Movies are a byproduct of their
time and those made throughout the 1970s - with few exceptions - proved very
unflattering reflections of America’s moral, social and cultural decline. The
industry that had fostered our collective dreams now seemed to relish catering
to our most disenchanted hallucinations. Tales of being stalked, hunted,
eavesdropped on, peeped through keyholes, spied with binoculars and telescopes,
investigated by rogue elements in the government, randomly assaulted by unknown
– or worse, known – persons for no apparent good reason – such plot devices
were not only prevalent but set the tone for a truly apocalyptic outlay in dark
thrillers, brooding dramas and harrowing disaster and horror movies. According
the movies, the world was a very scary place. Evil became mainstream and
bankable box office; the anti-hero now the norm, perhaps our only hope to fight
against this cesspool of spurious characters harboring salacious thoughts to
maim murder and annihilate.
That said, some very fine films
were produced between 1970 and 1979 – the worst decade in terms of box office.
Virtually all of them had an underpinning of uncertainty, the audience having
turned, or become morbidly fascinated by their own eroding landscape reflected
back at them from the screen. As for the industry of making movies – it was an
even scarier time. Hollywood was in the throes of a collective malaise
threatening to send even the most venerable companies into receivership. MGM,
the biggest and brightest of the lot ceased operations altogether, becoming a
glorified garage sale after its acquisition by Vegas financier, Kirk Kerkorian.

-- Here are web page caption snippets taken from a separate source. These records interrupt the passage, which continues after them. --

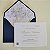 Convite Casamento Envelope Azul Escuro Forrado Floral - Imagem 2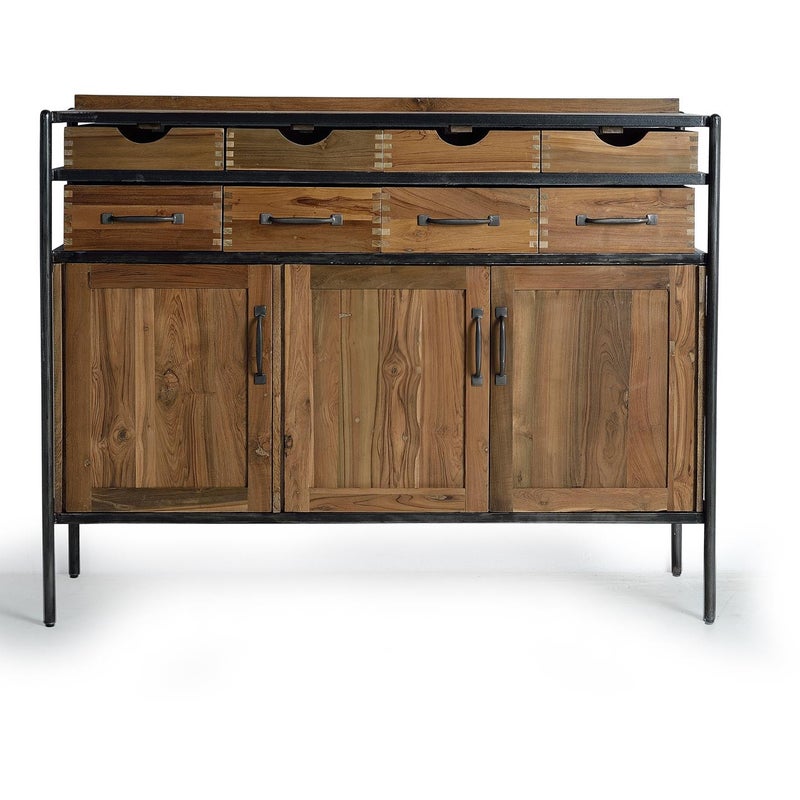 Bufet en bois teck et manguier et metal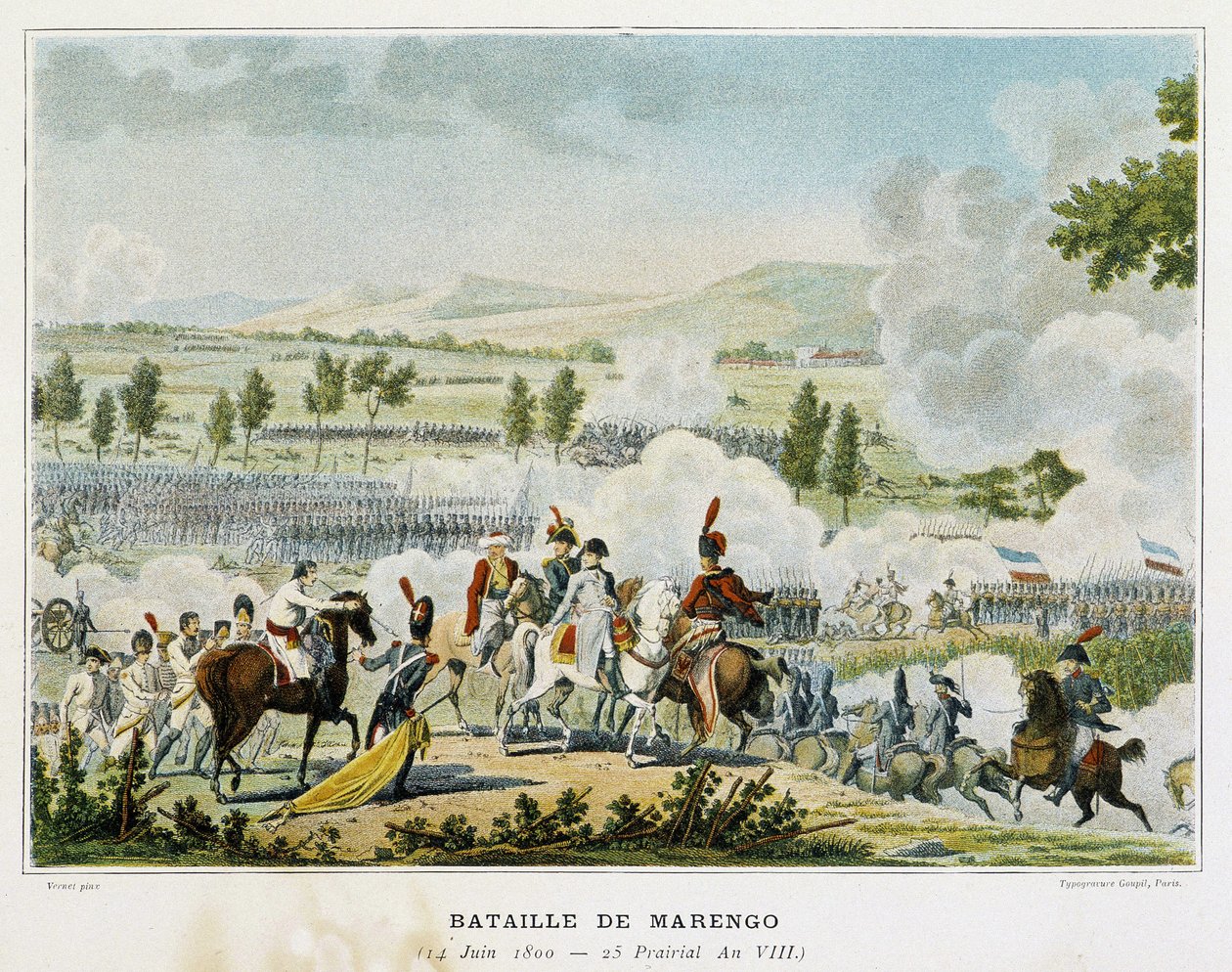 Slaget ved Marengo (Piemont - Italia) 14. juni 1800, hvor Bonaparte vant seier over østerrikerne. av French School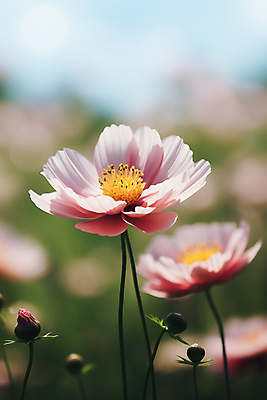 JPG 편집이미지 분홍색 꽃밭 자연 가을꽃 풍경 초원 사람없음 코스모스 편집실사 AI포토 AI콘텐츠 꽃 컬러 CG 생태계 파일형식 가을_계절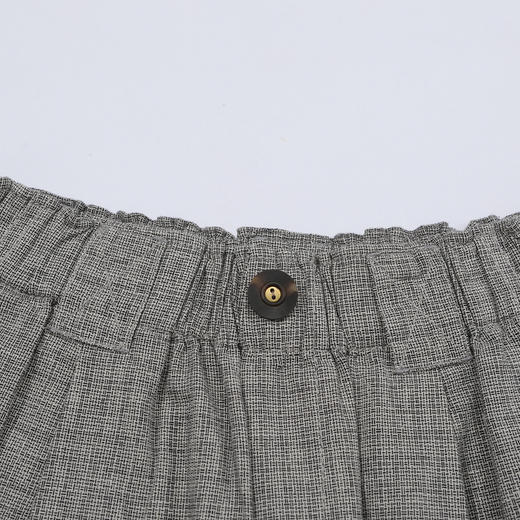 谜底短裤女2025夏季新品复古风日常棉麻提花宽松A型裤子252MK0526 商品图3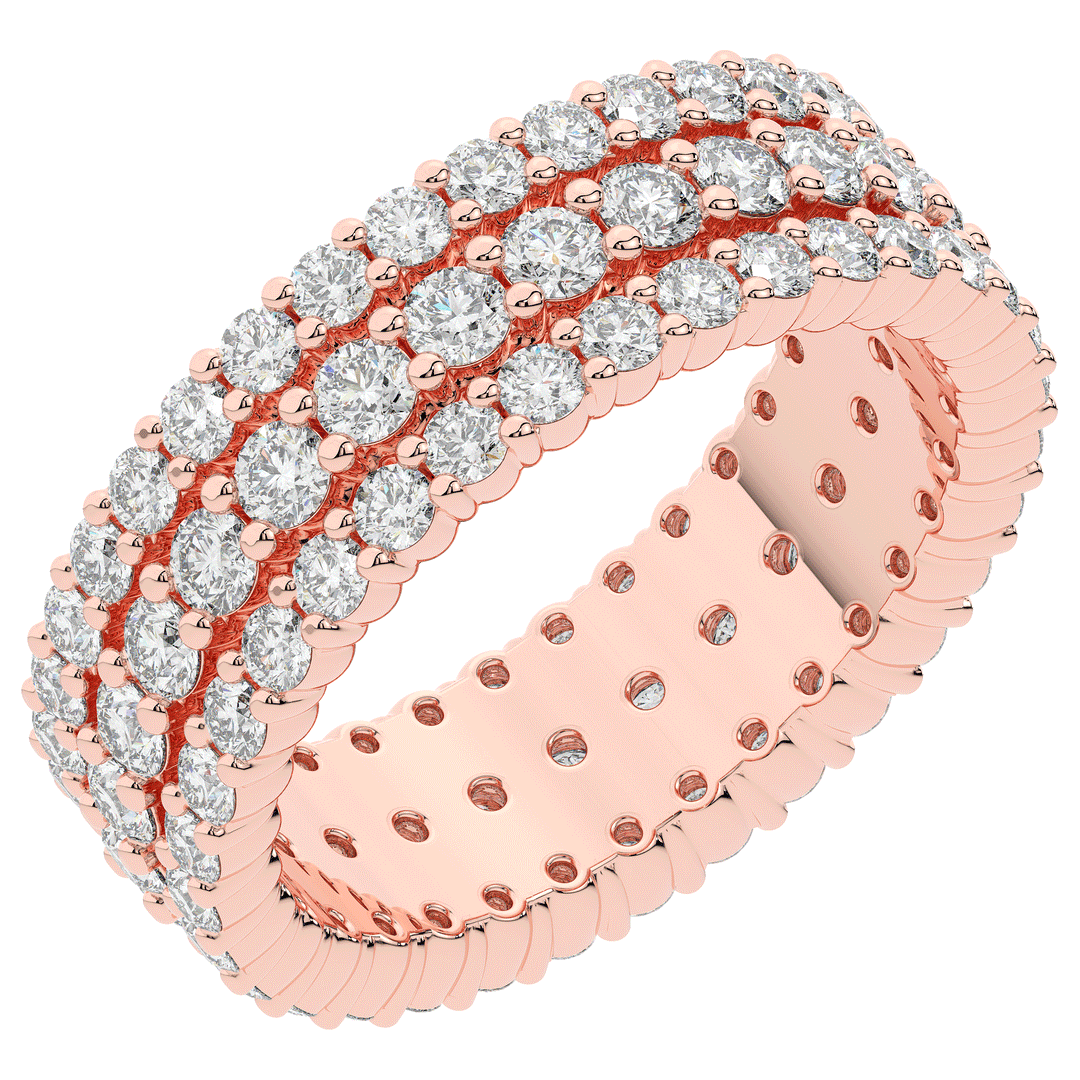 2.30CT.TW 3 ROW ROUND LAB DIAMOND ETERNITY WEDDING BAND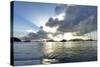 British Virgin Islands, Sandy Cay, Tortola. Sailboats at Anchor in Cane Garden Bay-Kevin Oke-Stretched Canvas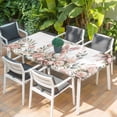 thumbnail image 2 of Easter Bunny Table Cloths for 3 Foot Rectangle Tables, Cute Rabbit Rose Floral Pastoral Leaves Plants Patio Waterproof Elastic Fitted Tablecloths, Washable Rectangular Table Cover for Camping, 2 of 8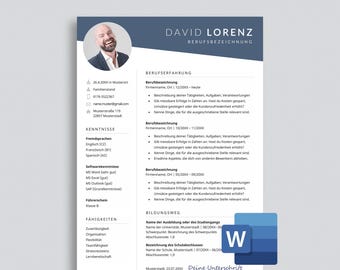 German CV Template Word Resume Job Application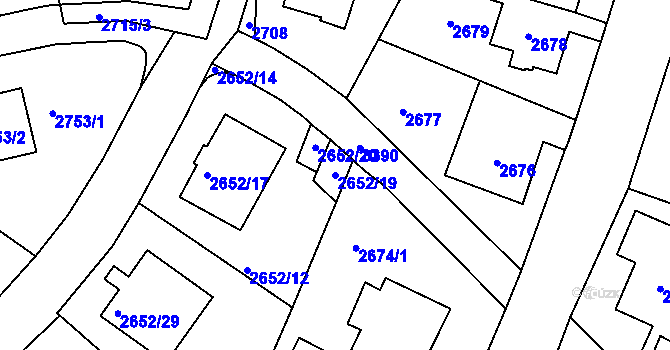 Parcela st. 2652/19 v KÚ Michle, Katastrální mapa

The other majors were embroiled in a corporate shell game of stakes, stocks and
outright purchases made by conglomerates like Transamerica, Gulf + Western and
Kinney Shoes – companies possessing little to no interest in making movies, but
valuing the ‘prestige on paper’ associated with owning a movie studio.
Perhaps nowhere did the eulogizing
of Hollywood’s past hit so close to home than at Paramount, a studio already at
the precipice. Paramount’s savior, as it turned out, was a former male model/come
actor/come studio production chief – Robert Evans, unencumbered by corporate
haranguing, intuitively gifted and utterly invested in making the types of
movies the public was willing to pay to see. Evans task, to resurrect Paramount
from its’ current status as a virtual non-entity, and at a time when Gulf +
Western, their holding company, was ready to lock its doors and throw away the
key, was a ‘last ditch’ effort that paid off handsomely, thanks to a series of
box office dynamos beginning with 1970s Love Story and 1972’s The
Godfather – two movies that almost did not get made. Given the overwhelming
success of Chinatown (1974) Evans’ immediately went head-hunting for
another thriller, deciding on William Goldman’s Marathon Man (1976) as a
valiant successor.
Marathon Man is perhaps the
pluperfect example of the American-made thriller of the 1970’s, extraordinarily
bleak, methodically paced, expertly played by two of the most celebrated actors
of their respective generations - Sir Laurence Olivier and Dustin Hoffman, and,
staged with sustained stealth by director, John Schlesinger. Verisimilitude is
the order of the day, partly in service to the cultural climate of the decade,
but moreover to keep production costs down. Marathon Man was shot almost
entirely under natural lighting conditions. Conrad Hall’s exceptionally dark
and barren camera eye manages to bottle the impossibly rare and unsettling
sense of foreboding so essential to the genre. Robert Evans has confessed that
the project came together almost as though it were kismet, his first choices in
cast and crew all coming true without so much as a conflict of interest. Marathon
Man was, in fact, shot on two continents, its seemingly disjointed
narrative converging on a diabolical plot about Nazi-diamond smuggling, murder,
international intrigue and espionage. Goldman was hired by Evans to write the screenplay,
agreeing to minor changes to his literary fiction, including a revised climax.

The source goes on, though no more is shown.